Patent Application
20200246191
The present application relates to a wound dressing, and more particularly to a wound dressing for a negative pressure wound therapy.
Negative Pressure Wound Therapy (NPWT) is an auxiliary treatment for wound healing. It is suitable for many acute and chronic wounds, including orthopedics, soft tissues, skin grafts, pressure sores, lower extremity venous ulcers, diabetic foot, surgery infection, postoperative wounds, etc. The NPWT is placed in a cleaned wound with a foam corresponding to a shape of the wound, and the foam is in full contact with the wound surface. Since there are many holes in the foam, a vacuum pump can be used to apply a negative pressure to the wound filled with the foam.

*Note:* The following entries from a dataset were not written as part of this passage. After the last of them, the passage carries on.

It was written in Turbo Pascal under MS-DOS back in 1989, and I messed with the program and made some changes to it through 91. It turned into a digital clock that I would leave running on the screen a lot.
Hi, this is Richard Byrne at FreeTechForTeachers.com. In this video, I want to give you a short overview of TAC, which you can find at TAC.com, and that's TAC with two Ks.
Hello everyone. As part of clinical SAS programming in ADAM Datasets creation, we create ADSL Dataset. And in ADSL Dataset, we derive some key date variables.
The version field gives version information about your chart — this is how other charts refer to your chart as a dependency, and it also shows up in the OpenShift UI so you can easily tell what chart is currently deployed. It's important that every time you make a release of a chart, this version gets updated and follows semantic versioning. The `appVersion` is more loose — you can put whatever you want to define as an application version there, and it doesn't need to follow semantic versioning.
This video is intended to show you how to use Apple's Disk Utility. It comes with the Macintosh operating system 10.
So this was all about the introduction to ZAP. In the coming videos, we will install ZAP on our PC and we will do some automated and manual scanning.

The pressure causes pus and infectious substances in the wound to be discharged through the holes in the foam, and also attracts the tissue fluid into the foam to maintain the moist therapy environment of the wound, so as to promote blood microcirculation around the wound and the growth of the new tissue. Thus, the effect of accelerating wound healing is achieved.

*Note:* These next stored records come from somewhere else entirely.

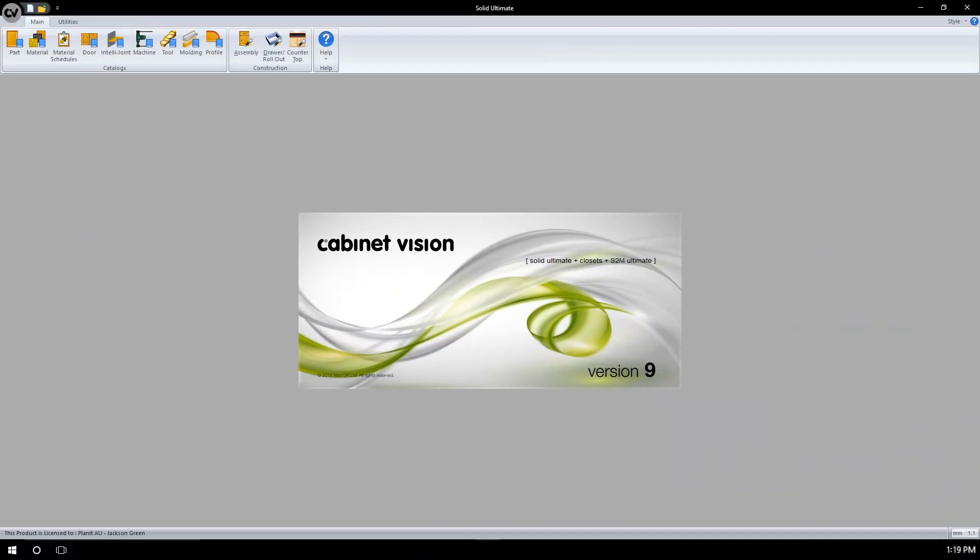Welcome to this Cabinet Vision tutorial, where we will explore the uses of the IntelliJoints function.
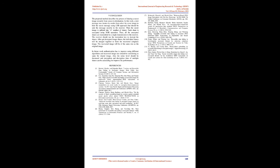Multi-secret sharing framework: The proposed method describes the process of sharing a secret image securely from source to destination. In this work, a text message is created by sender, then cover image is selected to hide the secret message using LSB approach that should be sent secretly to receiver. Then the secret image is split into n number of shares. Each share is encrypted using XOR operation. Then all encrypted shares are transmitted in a single transmission to the receiver. The receiver uses the decryption key to decrypt the shares. After getting decrypted image shares, the individual shares are merged together to form the recovered original image. The recovered image will be the same size as the original image. In future work, authentication has to improve using different algorithms and recovered image size should be considered as same for shared image. Also the noise level should be decreased and encryption and decryption time of multiple shares can be calculated to improve the performance.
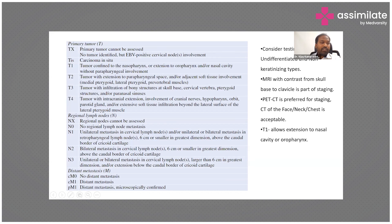This patient is staged as T2N2. We do not have any abnormality in other organs.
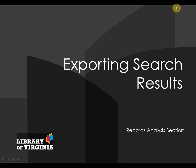From this point, the steps for importing the data into a spreadsheet, database, or word processing document will be dependent upon which program you use. This ends the tutorial on how to export search results from InfoLinks. If you have any questions, please contact Matt Ball at the State Records Center.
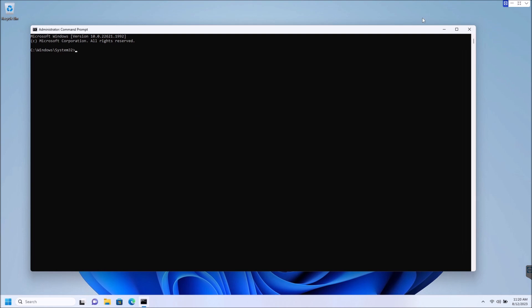So again, that's all there is to it, guys, to make command prompt run as administrator by default each and every time.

However, the foam in NPWT, especially those using hydrophobic polyurethane foam, has high adhesion to the wound, and the new tissue easily grows into the holes in the foam, and the foam must be replaced about every two to three days. If the infection of the wound is serious, the frequency of replacing the foam may be more according to the physician's diagnosis. Every time the foam is changed, due to the adhesion of the wound and the growth of the new tissue, patients often suffer severe pain, and there is also a secondary injury to the wound, which is a serious problem in clinical application.
Therefore, how to avoid the adhesion of foam to the wound and to avoid the growth of new tissue into the holes in the foam is keenly aimed to be achieved in the clinical and industrial fields.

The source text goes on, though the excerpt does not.